The gist: A clinical trial with volunteer patients tested a treatment for postmenopausal women with HR-positive, HER-2–negative advanced breast cancer. The treatment combines the drugs everolimus and exemestane. The clinical trial compared it to exemestane alone. The combination did NOT appear to give longer overall survival rates than exemestane alone.

“The addition of everolimus to exemestane extended OS in postmenopausal women with HR-positive, HER-2–negative advanced breast cancer, but the difference was not statistically significant, according to results of the BOLERO-2 study.

“BOLERO-2 is a randomized phase 3, double blind, international trial.

“Prior results showed the addition of 10 mg daily everolimus (Afinitor, Novartis) — an inhibitor of mammalian target of rapamycin (mTOR) — to 25 mg daily exemestane significantly extended PFS compared with exemestane alone (7.8 months vs. 3.2 months; P<.001).

“In the current study, Martine Piccart, MD, PhD, professor of oncology at the Université Libre de Bruxelles in Belgium and director of medicine at Institut Jules Bordet, and colleagues presented OS outcomes as part of a prospectively planned secondary-endpoint analysis.

“Results showed patients assigned the combination demonstrated longer median OS (31 months vs. 26.6 months; HR=0.89; 95% CI, 0.73-1.1), but the difference was not statistically significant.

“ ‘Ongoing translational research should further refine the benefit of mTOR inhibition and related pathways in this treatment setting,’ Piccart and colleagues wrote.”

Everolimus Plus Exemestane Extended PFS in Invasive Lobular Carcinoma

The gist: This article discusses the results of a clinical trial—a research study with volunteer patients.

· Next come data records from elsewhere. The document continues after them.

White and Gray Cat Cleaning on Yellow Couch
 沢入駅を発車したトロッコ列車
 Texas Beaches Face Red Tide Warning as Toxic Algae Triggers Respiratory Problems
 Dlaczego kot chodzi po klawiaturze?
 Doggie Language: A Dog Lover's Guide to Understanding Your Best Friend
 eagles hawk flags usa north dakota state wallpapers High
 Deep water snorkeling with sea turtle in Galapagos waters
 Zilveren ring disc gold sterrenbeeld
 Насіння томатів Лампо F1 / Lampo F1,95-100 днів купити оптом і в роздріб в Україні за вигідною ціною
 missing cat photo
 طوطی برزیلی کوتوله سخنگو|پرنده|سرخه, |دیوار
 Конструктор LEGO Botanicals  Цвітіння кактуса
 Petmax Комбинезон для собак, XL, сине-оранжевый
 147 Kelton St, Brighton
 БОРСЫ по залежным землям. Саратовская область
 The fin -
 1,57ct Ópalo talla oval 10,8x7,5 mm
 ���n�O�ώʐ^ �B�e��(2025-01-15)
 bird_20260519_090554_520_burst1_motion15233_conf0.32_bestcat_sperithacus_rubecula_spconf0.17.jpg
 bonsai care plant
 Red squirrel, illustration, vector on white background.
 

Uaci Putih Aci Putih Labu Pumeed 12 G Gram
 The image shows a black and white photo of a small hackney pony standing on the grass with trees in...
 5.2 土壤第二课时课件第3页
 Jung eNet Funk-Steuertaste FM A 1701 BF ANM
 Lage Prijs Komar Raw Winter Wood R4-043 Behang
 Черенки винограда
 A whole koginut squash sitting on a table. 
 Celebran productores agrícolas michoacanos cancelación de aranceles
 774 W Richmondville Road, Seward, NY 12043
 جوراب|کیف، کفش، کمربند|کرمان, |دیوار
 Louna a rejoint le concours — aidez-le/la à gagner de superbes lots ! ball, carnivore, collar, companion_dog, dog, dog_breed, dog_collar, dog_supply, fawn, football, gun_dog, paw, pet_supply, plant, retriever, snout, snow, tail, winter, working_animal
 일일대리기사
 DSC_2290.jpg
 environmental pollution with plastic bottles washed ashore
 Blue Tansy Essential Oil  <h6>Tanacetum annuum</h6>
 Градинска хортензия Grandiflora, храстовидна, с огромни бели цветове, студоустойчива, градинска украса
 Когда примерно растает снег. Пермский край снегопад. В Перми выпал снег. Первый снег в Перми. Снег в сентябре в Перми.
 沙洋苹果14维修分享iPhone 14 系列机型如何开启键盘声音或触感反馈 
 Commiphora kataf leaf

The trial tested a new treatment for patients with advanced, HR-positive, HER-2-negative invasive lobular carcinoma. The new treatment combines the drugs everolimus and exemestane. The researchers found that it significantly prolonged the amount of time patients lived without their cancer worsening.

“The addition of everolimus to exemestane significantly prolonged PFS in a subset of patients with HR-positive, HER-2–negative advanced breast cancer who had invasive lobular carcinoma at baseline, according to a subanalysis of the BOLERO-2 trial presented at the Breast Cancer Symposium.

“Gabriel N. Hortobagyi, MD, FACP, professor of medicine in the department of breast medical oncology at The University of Texas MD Anderson Cancer Center, and colleagues evaluated data from 104 patients with invasive lobular carcinoma. The cohort included patients with predominantly peritoneal, gastrointestinal and ovarian metastases.

“Patients received exemestane (Aromasin, Pfizer) with everolimus (Afinitor, Novartis; n=64) or placebo (n=40).

“The median age of the patients was 63 years, and 47.1% had measurable disease. Thirty-six percent of patients had visceral metastases of the lung, liver, pleural and peritoneum; 10% had lung metastases; and 23% had liver metastases.”

Breast Cancer Drug Aromasin May Be Option for Some Premenopausal Women


“The drug exemestane worked slightly better than the drug tamoxifen at preventing a recurrence of breast cancer in certain premenopausal women, according to a new study.

“Almost 93 percent of women on exemestane (Aromasin) remained free of breast cancer after five years, compared to about 89 percent of the women on tamoxifen. That’s according to the study of nearly 4,700 women with breast cancer who all had their ovarian function suppressed.

“However, the researchers found no differences in overall survival between the two drugs.

“And both drugs came with significant side effects. For Aromasin, those side effects included osteoporosis, vaginal dryness and decreased sex drive, among others. For tamoxifen, side effects included blood clots, hot flashes and urinary incontinence, according to the study.”